来場者たちは皆、人類の進歩と明るい未来を信じていた—戦後日本の最大のお祭りだった万博。会場で胸躍らせたファンたちと「祭りの仕掛け人」が語った。
「ソ連館」も人気だった
山下 大阪万博というと、ひたすら行列に並んでいた記憶があります。
当時、私は小学校6年生で広島に住んでいましたが、あれほどの人波を見たのは生まれて初めてでした。
石井 万博には日本人だけでなく、外国人もたくさん来ていましたね。僕は大阪市内に住む中学3年生だったんですが、当時はまだ外国人が珍しかったので、色んな国の人たちにサインしてもらいました。

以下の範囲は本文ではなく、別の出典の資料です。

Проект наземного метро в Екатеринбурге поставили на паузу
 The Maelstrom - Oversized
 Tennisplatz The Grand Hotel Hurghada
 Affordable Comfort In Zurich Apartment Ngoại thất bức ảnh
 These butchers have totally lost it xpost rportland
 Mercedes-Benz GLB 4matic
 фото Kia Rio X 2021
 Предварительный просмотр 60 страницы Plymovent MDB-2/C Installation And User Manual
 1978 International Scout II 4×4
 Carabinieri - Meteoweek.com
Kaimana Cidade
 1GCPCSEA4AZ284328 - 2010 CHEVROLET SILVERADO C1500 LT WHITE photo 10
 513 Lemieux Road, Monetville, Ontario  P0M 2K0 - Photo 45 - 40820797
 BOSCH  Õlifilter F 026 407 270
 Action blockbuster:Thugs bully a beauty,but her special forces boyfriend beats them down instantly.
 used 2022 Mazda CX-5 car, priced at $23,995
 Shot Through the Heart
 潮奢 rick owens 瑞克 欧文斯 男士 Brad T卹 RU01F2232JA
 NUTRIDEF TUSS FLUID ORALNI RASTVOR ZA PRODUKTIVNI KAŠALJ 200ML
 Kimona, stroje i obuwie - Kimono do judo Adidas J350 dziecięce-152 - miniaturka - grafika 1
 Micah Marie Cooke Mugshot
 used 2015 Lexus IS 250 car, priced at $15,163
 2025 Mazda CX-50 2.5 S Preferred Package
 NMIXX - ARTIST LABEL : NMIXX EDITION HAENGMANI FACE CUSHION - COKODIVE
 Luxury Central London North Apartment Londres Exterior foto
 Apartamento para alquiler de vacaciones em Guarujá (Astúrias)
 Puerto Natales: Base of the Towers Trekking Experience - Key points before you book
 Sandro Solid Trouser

堺屋 大阪万博こと「日本万国博覧会」が開催されたのは、今から45年前の'70年。3月から9月までの半年間で、約6422万人が訪れました。
石井 国民の半数以上が見た計算になりますね。
堺屋 ただ、万博の発起人だった私としては、開会からしばらくの間は不安で仕方なかったんです。通産省は、総入場者数を3000万人と見積もっていましたが、当時、人気のあった社会情報学者のマーシャル・マクルーハンは「万博は時代遅れ」と断じ、その流れを汲むアメリカのスタンフォード研究所が行った調査では「日本万国博の入場者数は1850万人」と予測していましたから。
天皇陛下をお迎えして開会式の行われた3月14日は入場者も少なく、みぞれの降る寒い日だった。「こんな調子でお客さんが集まるのだろうか」と心細かったことをよく覚えています。
山下 それは意外ですね。当時、私が愛読していた『週刊少年マガジン』をはじめ、少年向け雑誌はこぞって万博を取り上げていました。「みんな見ているのに、行けなかったら恥ずかしい」と思っていたくらいです。
堺屋 当初、万博は「大阪の地方行事」と見なされていたんです。東京の人からは「大阪人はケチだから土産物が売れないだろう」とか「大阪人は列を乱す」など、ひどいことを言われていた(笑)。
ところが開幕から2ヵ月ほど経つと、実際に万博を見た人たちからの「素晴らしかった」という評判が口コミで東京にも伝わり、一気に入場者が増えたんです。夏休みには、万博に行く乗客で東海道新幹線が満席になるほどでした。